O MPF acusa Cabral, Adriana, Wilson e Miranda de corrupção passiva e lavagem de dinheiro, crime também atribuído a Mônica Carvalho.
Prisões
O ex-governador Sérgio Cabral cumpre prisão preventiva (sem prazo para terminar) desde o dia 17 de novembro, quando foi deflagrada a Operação Calicute, desdobramento da Lava Jato. A detenção foi autorizada pelo juiz da 7ª Vara Federal Criminal do Rio, Marcelo Bretas. No momento, Cabral está detido no Complexo Penitenciário de Gericinó, em Bangu, na zona oeste do Rio.

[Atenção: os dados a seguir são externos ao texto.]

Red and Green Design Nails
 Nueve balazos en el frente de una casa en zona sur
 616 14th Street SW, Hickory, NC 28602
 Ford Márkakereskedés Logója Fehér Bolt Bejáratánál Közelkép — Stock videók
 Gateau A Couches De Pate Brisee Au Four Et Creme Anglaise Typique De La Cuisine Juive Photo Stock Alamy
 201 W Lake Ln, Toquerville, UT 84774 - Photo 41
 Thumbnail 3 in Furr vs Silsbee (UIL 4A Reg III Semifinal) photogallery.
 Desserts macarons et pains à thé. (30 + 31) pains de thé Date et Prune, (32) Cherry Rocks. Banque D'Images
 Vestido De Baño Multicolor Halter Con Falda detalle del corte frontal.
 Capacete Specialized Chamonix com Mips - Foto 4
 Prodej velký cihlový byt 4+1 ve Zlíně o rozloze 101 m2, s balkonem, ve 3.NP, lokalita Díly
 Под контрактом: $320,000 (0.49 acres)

A advogada Adriana Ancelmo, por sua vez, está presa desde o dia 6 de dezembro, quando Bretas decretou sua prisão preventiva. Inicialmente, ela ficou presa também no complexo de Gericinó. Em 17 de março, Bretas determinou que ela fosse transferida para prisão domiciliar, em seu apartamento, no Leblon, zona sul do Rio, aceitando os argumentos da defesa de que ex-primeira-dama precisava retornar à própria casa para cuidar dos filhos de 11 e 14 anos. A decisão do juiz do Rio chegou a ser revogada, mas foi finalmente autorizada no STJ. A ex-primeira dama voltou para casa no dia 29, sob gritos de "safada" e panelaço.
Carlos Miranda e Wilson Carlos também cumprem prisão preventiva por decisão do juiz Bretas desde novembro. Mônica Carvalho responde ao processo em liberdade.